Comment on How feasible would it be to host Mastodon, Pixelfed, Lemmy, Friendica, or Matrix over Tor/I2P?
SlurpingPus@lemmy.world 2 days agoThe server to server protocol has a bunch of assumptions that are not true for tor and i2p.
Could you please elaborate just a bit? I’m a web dev, but haven’t looked into fediverse protocols yet.
ViatorOmnium@piefed.social 2 days ago
One example is HTTP signatures. Servers sign their payloads and receiving servers should validate not just the hash but ensure the payload is not too old. Mastodon allows for a twelve hour difference (https://docs.joinmastodon.org/spec/security/#http-signatures) but other software might be stricter for security reasons. The a bunch of things like webfinger were designed around public dns and public key chains A mastodon server running on the open internet and/or expecting public keychain HTTPs will not be able to federate with something running in tor.

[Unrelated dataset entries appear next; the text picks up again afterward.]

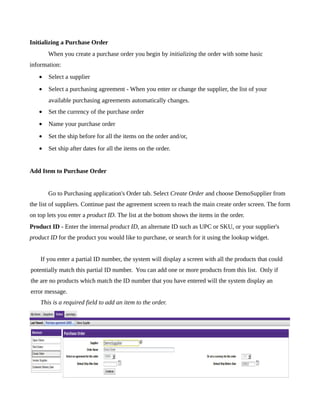 Initializing a Purchase Order
       When you create a purchase order you begin by initializing the order with some basic
information:
   •   Select a supplier
   •   Select a purchasing agreement - When you enter or change the supplier, the list of your
       available purchasing agreements automatically changes.
   •   Set the currency of the purchase order
   •   Name your purchase order
   •   Set the ship before for all the items on the order and/or,
   •   Set ship after dates for all the items on the order.


Add Item to Purchase Order


       Go to Purchasing application's Order tab. Select Create Order and choose DemoSupplier from
the list of suppliers. Continue past the agreement screen to reach the main create order screen. The form
on top lets you enter a product ID. The list at the bottom shows the items in the order.
Product ID - Enter the internal product ID, an alternate ID such as UPC or SKU, or your supplier's
product ID for the product you would like to purchase, or search for it using the lookup widget.


    If you enter a partial ID number, the system will display a screen with all the products that could
potentially match this partial ID number. You can add one or more products from this list. Only if
the are no products which match the ID number that you have entered will the system display an
error message.
    This is a required field to add an item to the order.
 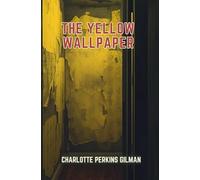 The Yellow Wallpaper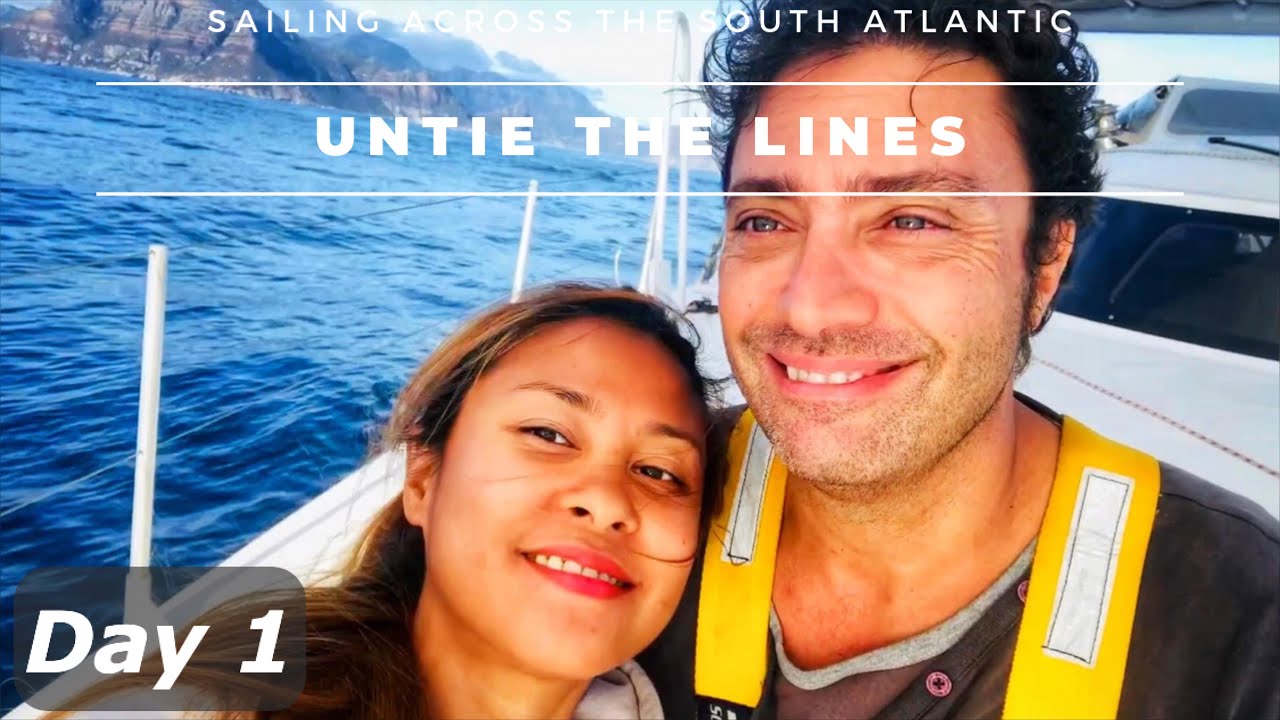 UNTIE THE LINES – Departure Cape Town Pt.1- SAILING ACROSS THE SOUTH ATLANTIC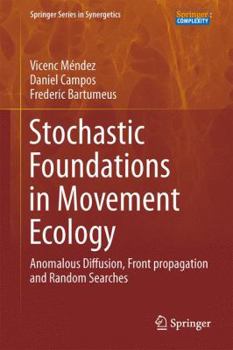 Hardcover Stochastic Foundations in Movement Ecology: Anomalous Diffusion, Front Propagation and Random Searches Book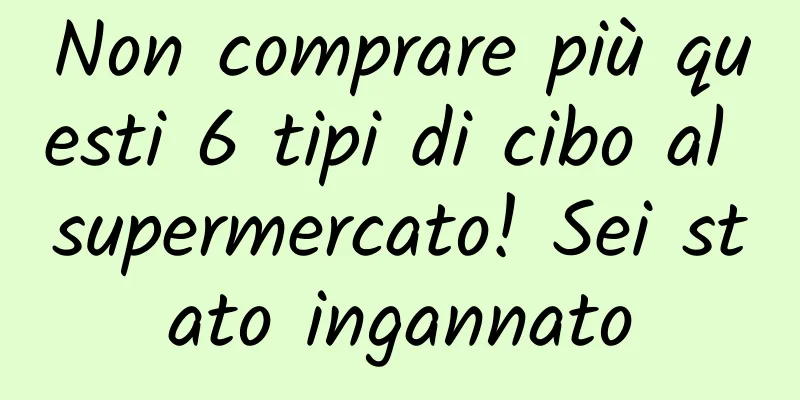 Non comprare più questi 6 tipi di cibo al supermercato! Sei stato ingannato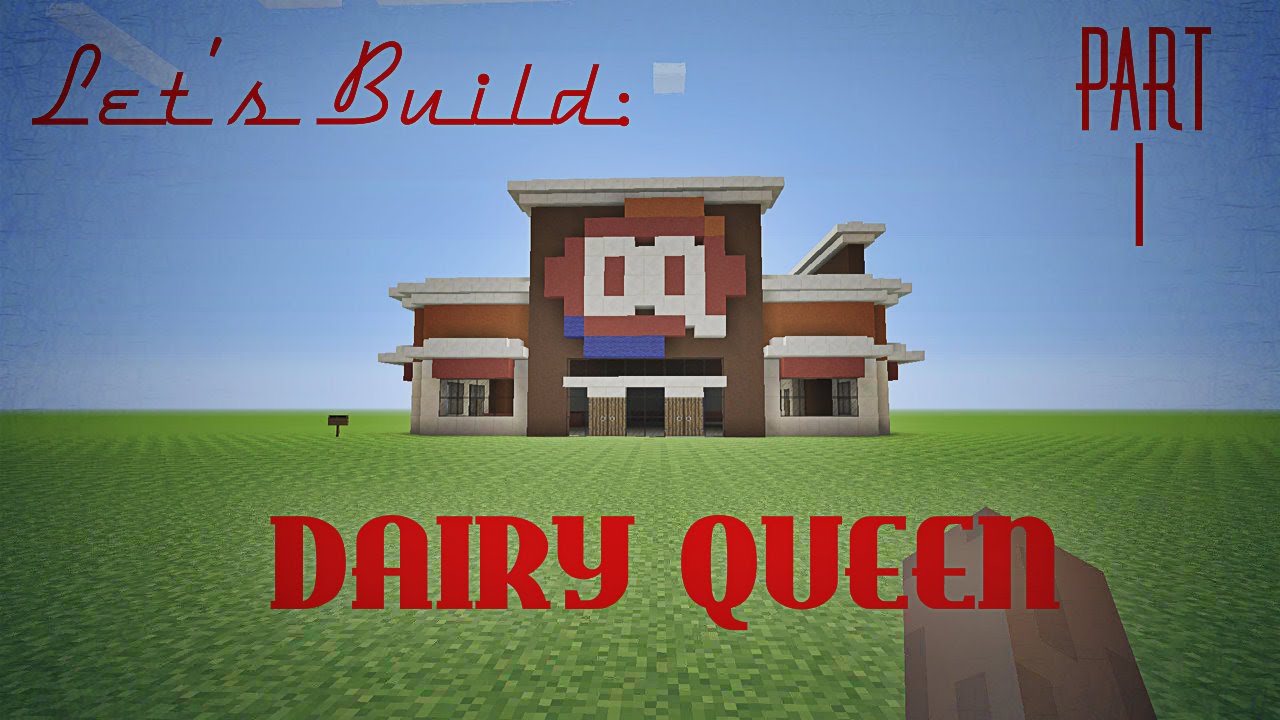 Minecraft Let S Build Dairy Queen Part 1 Youtube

You could cut enough corners to make something that federates inside tor, but at that point it’s better to design something around tor’s features.
SlurpingPus@lemmy.world 2 days ago
Why is it the first time I hear of this?
ViatorOmnium@piefed.social 2 days ago
https://www.w3.org/wiki/ActivityPub/Primer/Authentication_Authorization mentions HTTP signatures since the very first version of the document in 2017. The current efforts seem more in the direction of describing standardizing the existing usage.